Rather than training separate models for Swedish, Norwegian, Danish and Icelandic [1][2][3], we could probably produce a better model by pretraining a Scandinavian model and then finetuning to one of the four, considering how similar the four languages are (in its written form that is, cough cough Danish).
We can train a RoBERTa-large model on the combined mC4 dataset, containing 386 GB uncompressed text (179 GB Swedish, 107 GB Danish and 100 GB Norwegian). Furthermore, there are gigaword datasets in both Swedish, Danish and Icelandic that we could use. As suggested in [1], we could start training the model with a sequence length of 128, then 256 and lastly 512.
2. Language
The model will be trained in Swedish, Danish, Norwegian and Icelandic.
3. Model
RoBERTa-large
4. Datasets
Swedish:
mC4 (179 GB)
Gigaword [4] (~9 GB compressed)
Danish
mC4 (107 GB)
Gigaword [5] (~2 GB compressed)
Norwegian
mC4 (100 GB)
Icelandic
mC4 (9 GB)
Gigaword [6] (~14 GB compressed)
5. Training scripts
There are already Flax scripts to pre-train RoBERTa that we can easily use:
Great idea! This will be super helpful for Scandinavian SMEs which often operate across Nordic country borders and want to support multiple Scandinavian languages.

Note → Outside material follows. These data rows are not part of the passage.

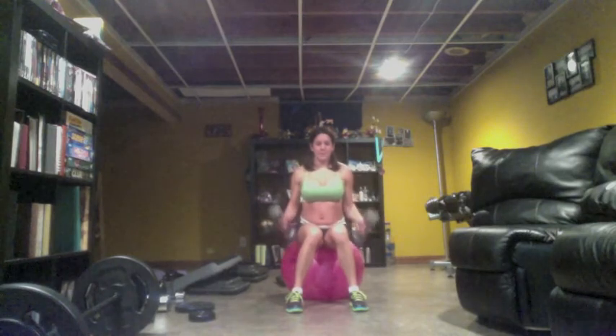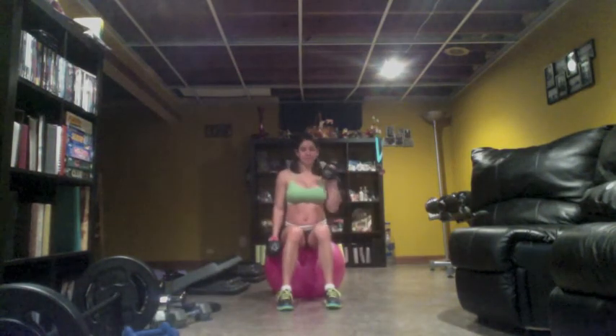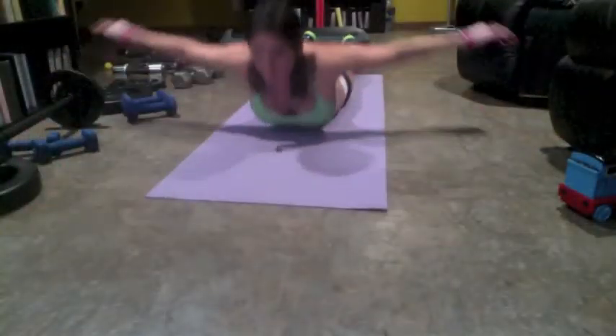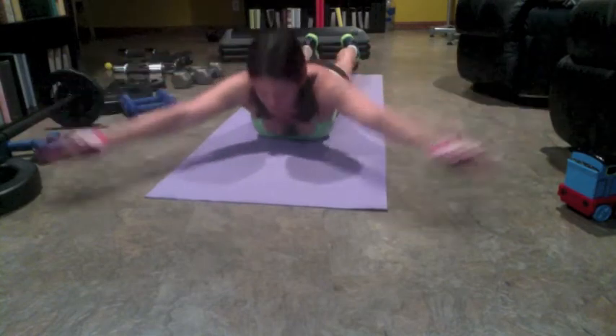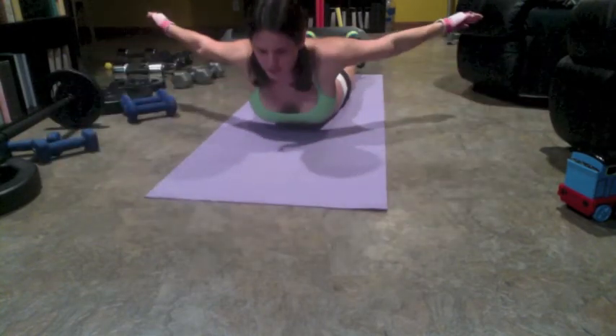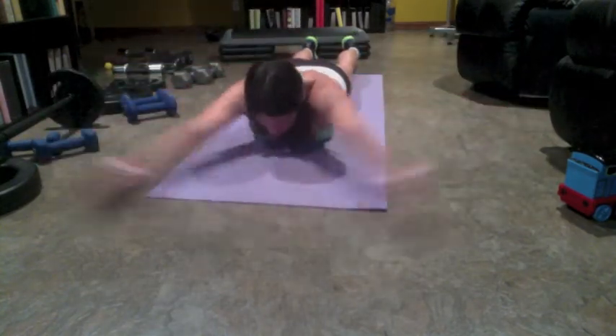Let's go — we're gonna blast it, we're gonna build the biceps! One and two, go up nice, together, perfect. I want your fingers to face all the way up, squeezing, opening your chest and getting your back.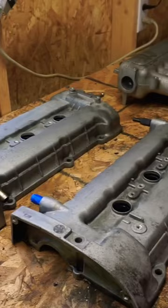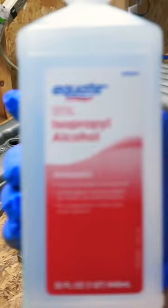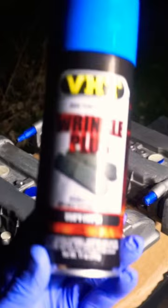After that, you want to go ahead and tape off all the areas that you don't want paint on. And before you hit it with the paint, you're going to want to make sure that you clean it with alcohol to get rid of all your hand oils. Next, you're going to want to get some high temperature paint. I went with Wrinkle Plus in blue.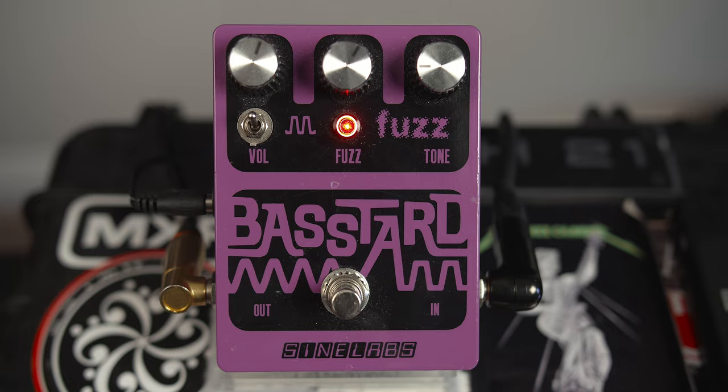The silicon diode is a 1N4148 and the germanium diode is a 1N34A.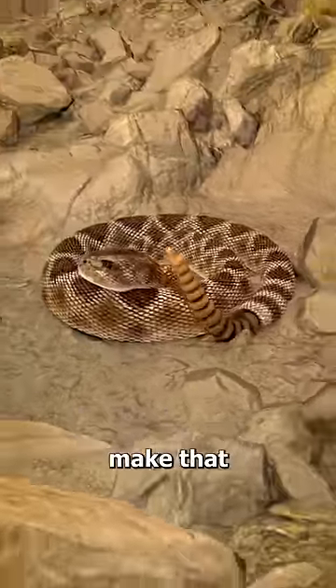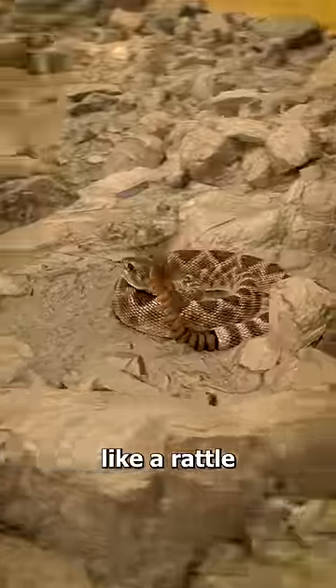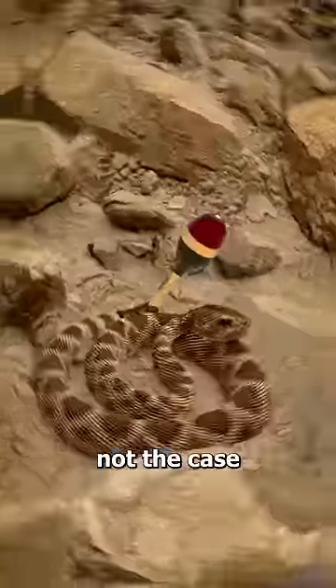Have you ever wondered how rattlesnakes make that rattling sound? Well, some people think that it works like a rattle, with little beads inside. But that's actually not the case.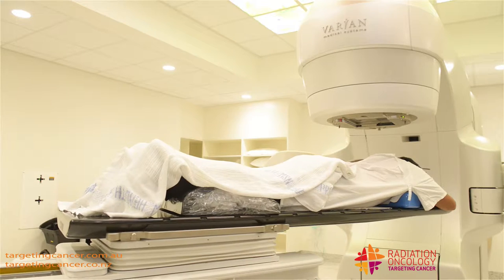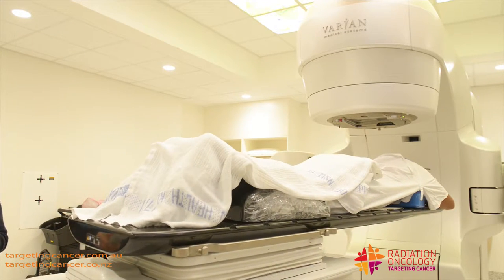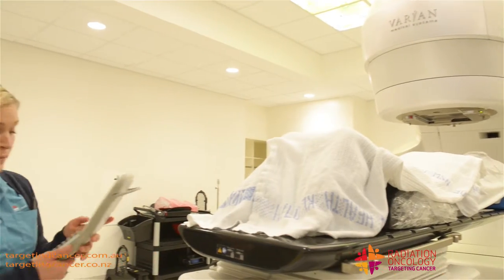This is just one set-up — a very simple spine set-up. However, the back bags that you have behind you are used for a different kind of set-up. That's just another piece of equipment that we have to make sure the patient is stable and comfortable during their treatment.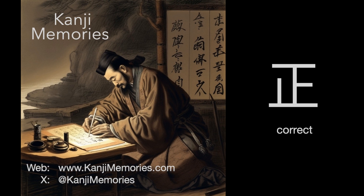Hi, this is Dumb Dave for Kanji Memories with a video to help you remember the Japanese kanji for correct. See kanjimemories.com for an introduction, or just follow along and all will become clear.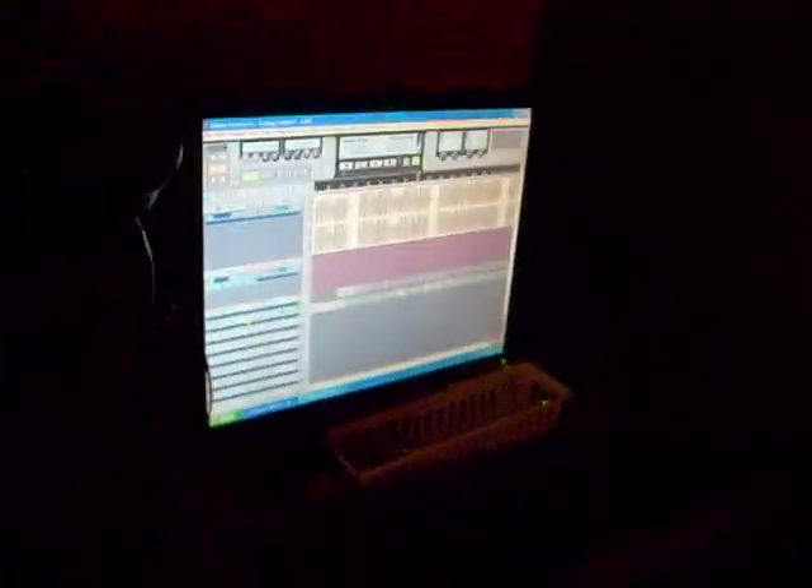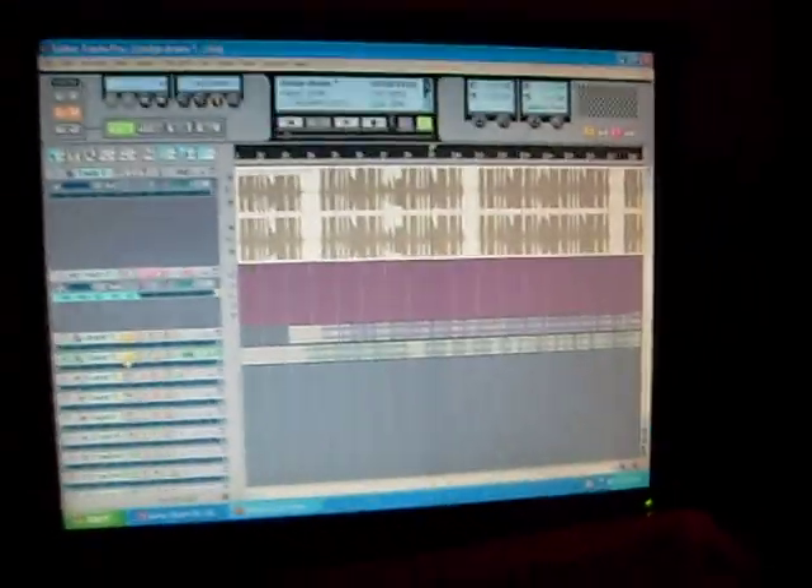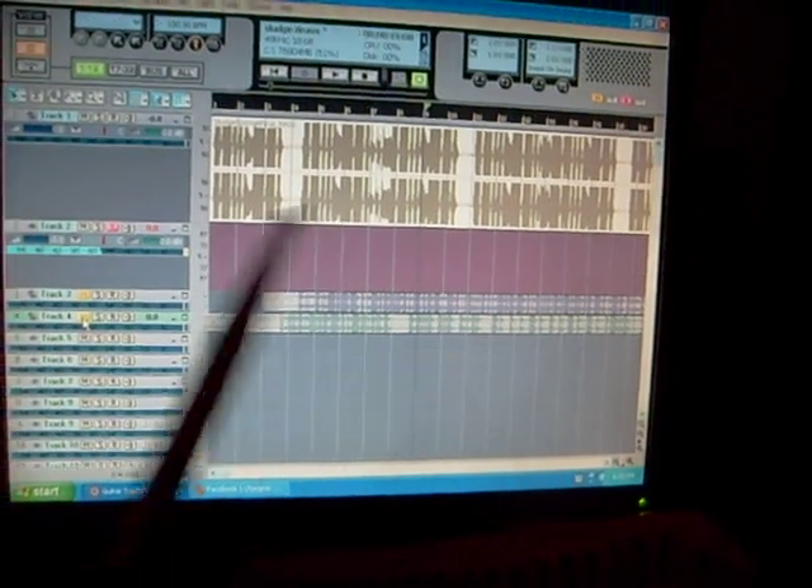So that's Guitar Hero 5. That's the recording program and these are the drum sounds. I can also switch to auxiliary just by pressing a button. And as you can see, it is registering on the computer. I'll play with one hand here — I'll give you a quick demo.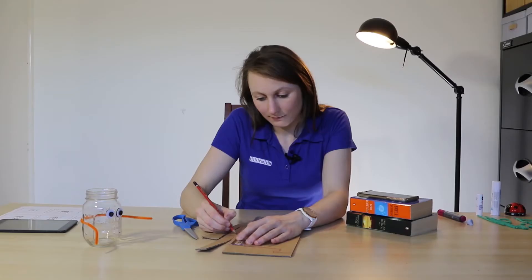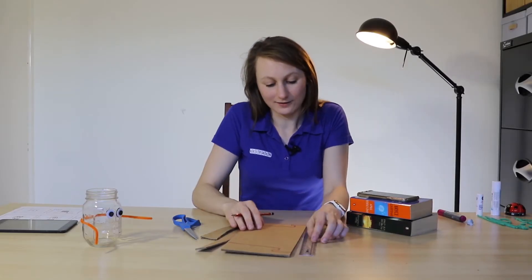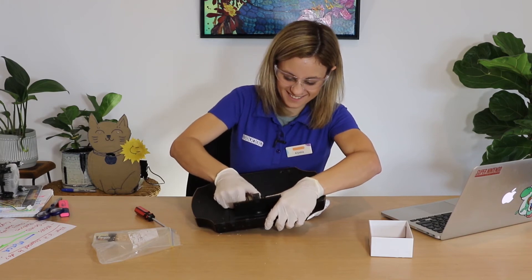We'll be approaching these activities with a tinkering mindset which has a few guidelines that I'd like to share. The first and most important is that above everything else these activities should be fun. Tinkering is less about the upfront learning and more about trying things out and getting hands-on, getting an intuitive feel for how stuff works.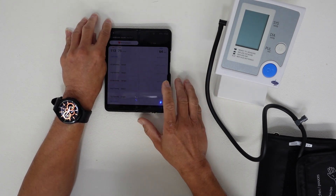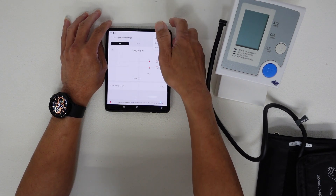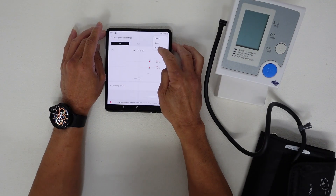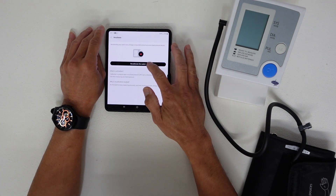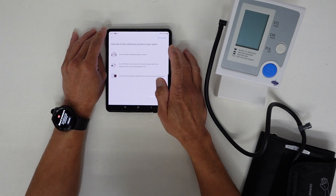What you have to do is go to Calibration in the app. If you're a first-time user, you have to calibrate it. To calibrate your watch, go to the blood pressure monitor section and then select calibrate or recalibrate.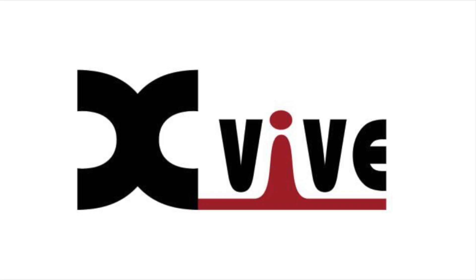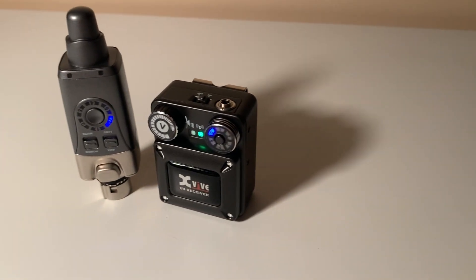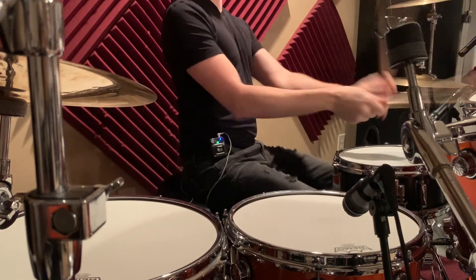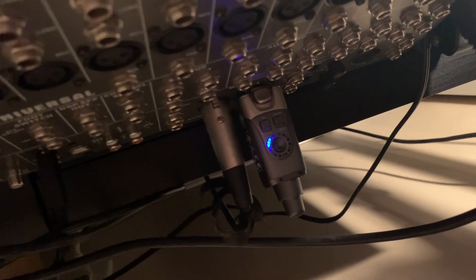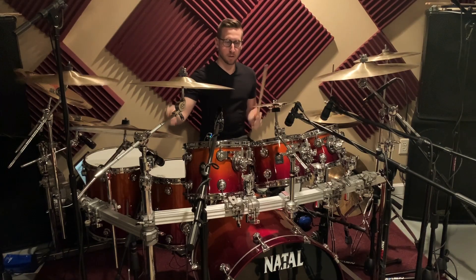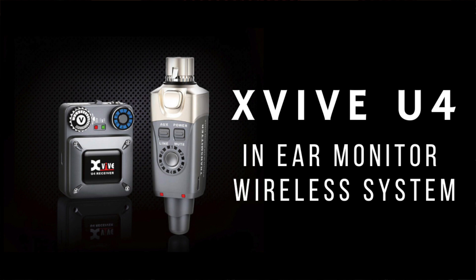This video is brought to you by X5 Wireless. Hey guys, it's been quite a while since I've been on the interwebs, but I am here with purpose. The people over at X5 were nice enough to send me one of their brand new U4 in-ear wireless systems, and I can't tell you how excited I am to actually have my hands on something like this.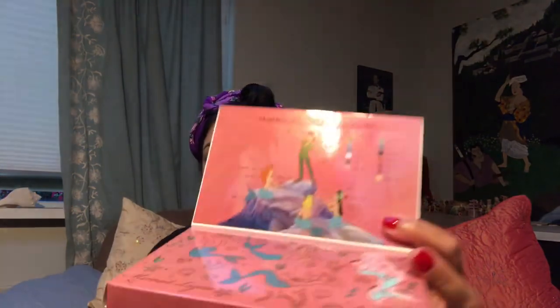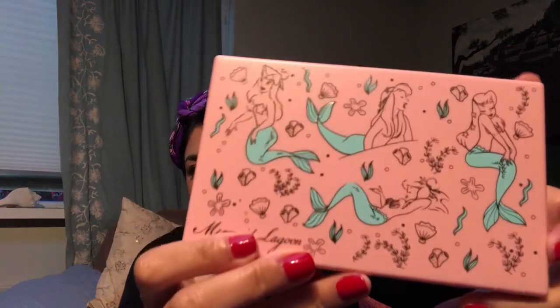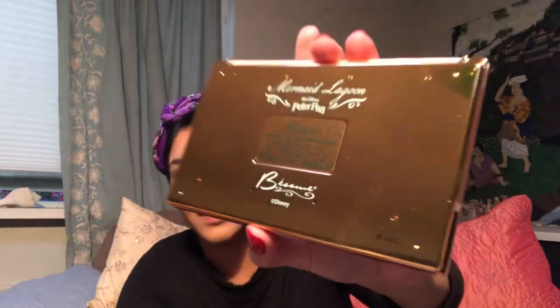Look at the water imagery with the mermaid — incredible! This is the Treasure of the Lagoon Shadow Palette. It gives you the ink and paint colors from Walt Disney's Peter Pan 1953, literally showing where they got each color from on the palette. Let's pop this out. The casing is pink — it's pink! Look at that!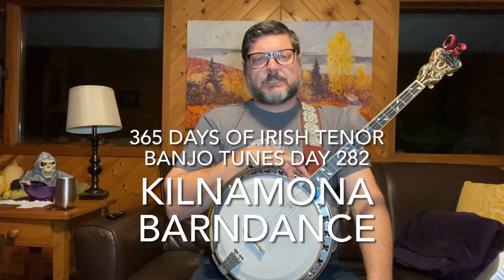Hey everybody, Felicia Rash. Welcome back to 365 Days of Irish Standard Banjo Tunes. I believe it is day 282 today.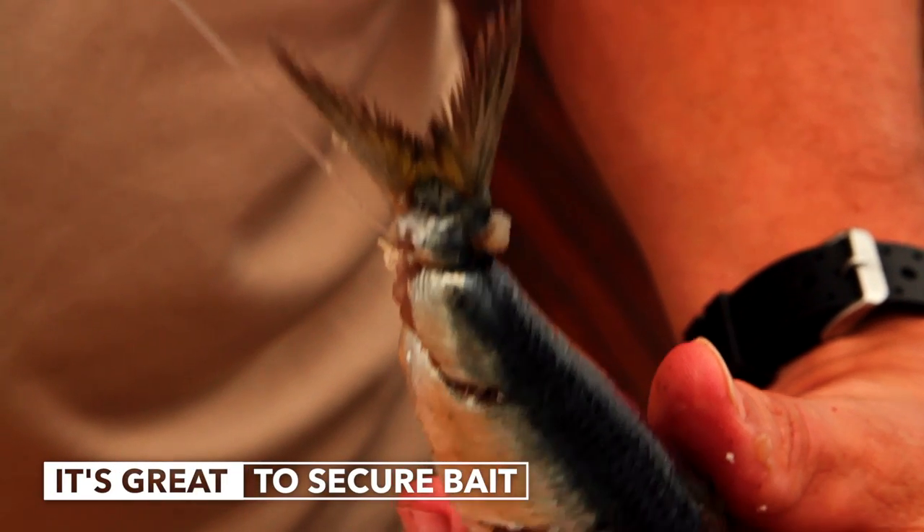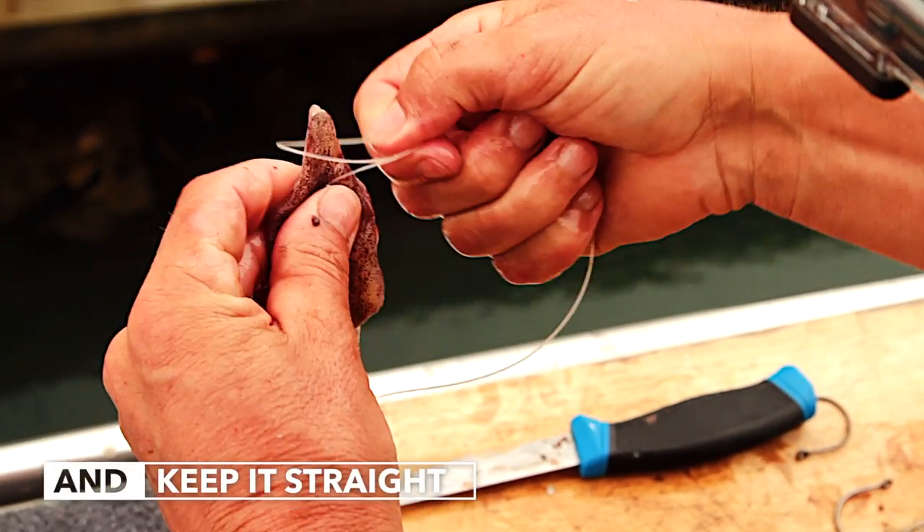And that now takes all the strain, and it won't pull your hook out. And that will now stop all the bait bunching up on the hook.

Great idea. There are a few other dataset resources as well here, like the Wikipedia dumps and some Reddit/Twitter datasets that might increase the variety/quality of the data. I do however think training a large RoBERTa on a v3-8 is not realistic. Memory limitations will force the batch size will be too small, even on the 128 sequences. Using a base-model architecture will probably lead to a better result.
And the tokenizer is ByteLevelBPETokenizer and not WordPiece so I have very little to add =D
As I understand byte pair this is clever because we have very common spelling substitutions between languages e.g. s/c, æ/ä, ø/ö, and å/aa.
With regard to model size there’s obviously some benefits from multiples of 8 (or 32) but could you maybe also take graphics cards RAM sizes into account? Something that can sit comfortably on 8 GB and 12 GB would play pretty well with the current (30) and previous generation of Nvidia cards (too bad for my 2080 Ti with 11 GB).
And do you have anything planned to figure out if Icelandic will actually benefit from this? It might be too small a data set and too different a language?
I am joining this project but do also initiate a project trying to use T5 for translating between Norwegian Bokmål and Norwegian Nynorsk (Model to translate between Norwegian Bokmål and Norwegian Nynorsk). There might be some overlaps here, at least since we can some of the same corpus. If anyone in addition also want to also work on a Scandinavian Seq2seq model, show your interest in that thread. (Unfortunately I do not think a Scandinavian parallell corpus exists…)
As Patrick mentioned above, this project is going to happen!
I’ve set up a repository with a preliminary template here. This includes training scripts and such, and in the readme I’ve included some helpful links related to our project and to the community week in general.
I intended to include Faroese, but the data is just so scarce. I mean, we might be able to include it, but it seems like there is less than 1GB of data, so I’m guessing it won’t be performing that well. But we could try! Considering the similarity between Faroese and Icelandic (from what I’ve heard), the model might be decent for Faroese as well
We’re thinking about meeting up (virtually) to say hi to each other and also do some initial planning: what needs to be done, who wants to do what, and so on. What times are you available?